Quality control inspectors must have a keen set of senses to perform their job. As an employer, your job is to choose individuals with a keen sense of smell, touch, sight, and sometimes hearing and taste. A quality control inspector's job is to test items to see how durable they are before they are put on the market. That role is important because it can prevent injuries and even save lives. It also helps avoid consumer complaints, saving the manufacturer money that it might otherwise have to spend on recalls. According to the Bureau of Labor Statistics, modern manufacturing philosophy has dictated a shift from simply pointing out defects to finding the root causes of them.
Search the Internet for sample classifieds for a quality control inspector. Such sites will offer ideas of what traits to seek in a candidate. Go to sites such as Monster.com.
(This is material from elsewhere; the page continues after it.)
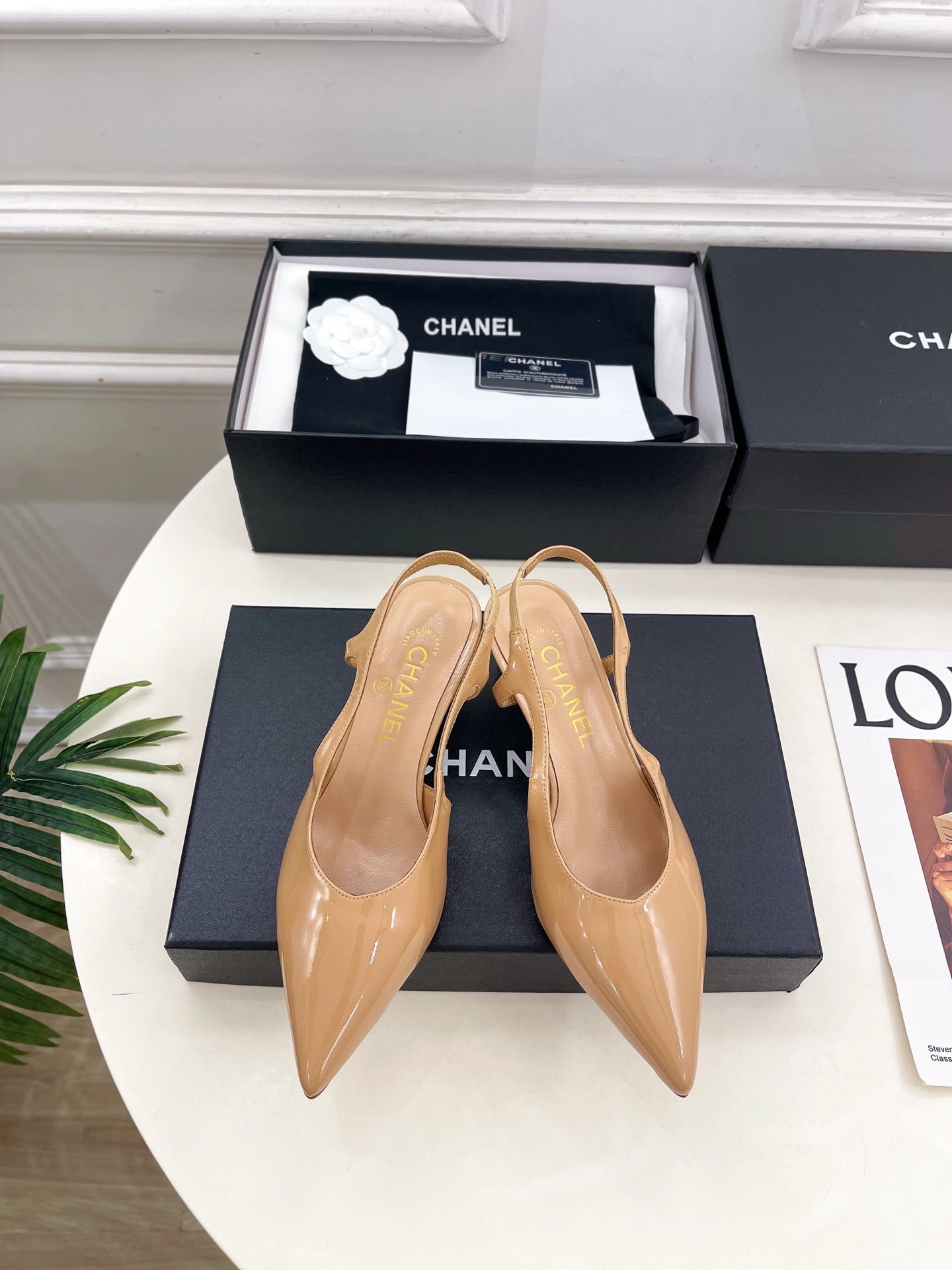 CHANEL 26S POINTED TOE HIGH HEELS 55 MM IN BEIGE PATENT LAMBSKIN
Study the job descriptions. Take notes on the qualifications for the same position that other companies have posted. Incorporate those into your business, considering its needs for a quality control inspector.
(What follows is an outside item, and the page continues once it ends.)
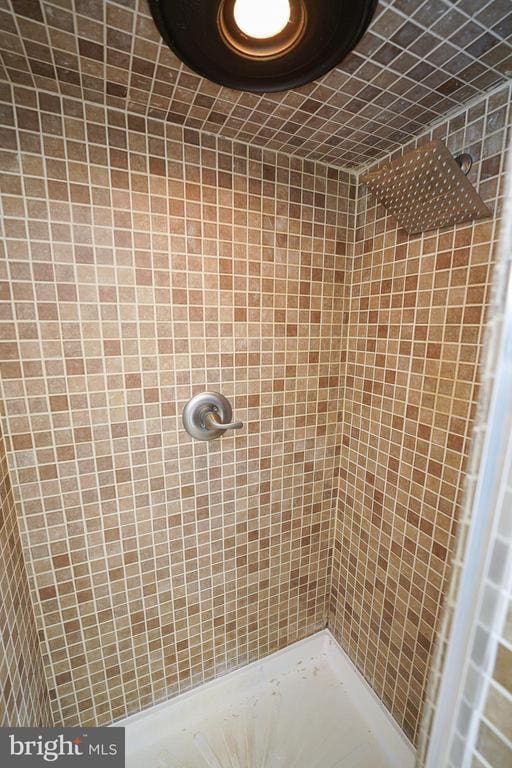 Building Photo - 605 Oak Hill Ave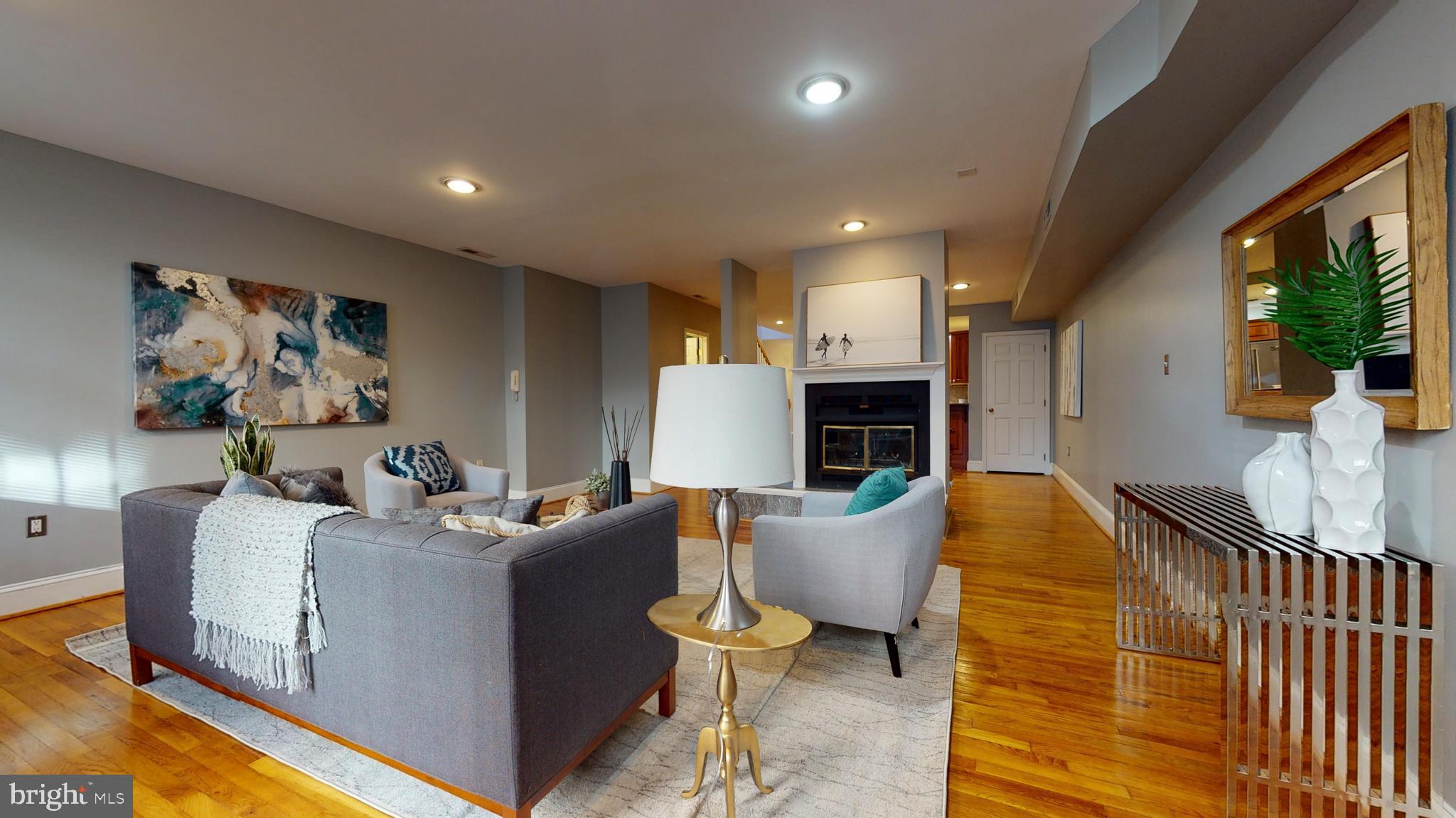 WASHINGTON SQ WEST - Residential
Write a job description for the position. Use a computer. Make the notice clear and concise, as this will provide the basis for the questions you will ask during the interview. Clarify that you seek a person with a eye for detail, who can make quick decisions on whether to repair a faulty product, trash it or approve it.
Post your job description on the Internet. Use a job seeker's Web site, such as monster.com. Request resumes and cover letters from all candidates.
Examine the resumes and applications you receive. Sort them according to the job specifications. Place the profiles that show little knowledge of what quality control is in one pile, and those that evince such understanding in another. From the latter group, list those you want to interview. Call those prospects and make appointments.
Prepare interview questions for your candidate. Request that he describes to you, in his own words what quality control management is. Ask him about his level of comfort working with hand-held measuring tools, such as micrometers or calipers, for detecting manufacturing flaws in products.
Query your candidate about her years of experience in quality control.
Ask your prospect to describe how his quality control tactics helped to save his last employer much money by spotting mistakes in design or manufacture that nobody else might have caught. Your goal here is to highlight the level of the candidate's skills.
Ask your prospective employee how fast he is in spotting flaws and making decisions about how to rectify them. Ask him how he decides to throw away the product, send it for repairs or fix it himself, and how quickly he can reach such conclusions.
Ask the candidate about the highest level of math he has completed. Explain to him that quality control inspection requires a grasp of mathematics, especially geometry and basic shop math.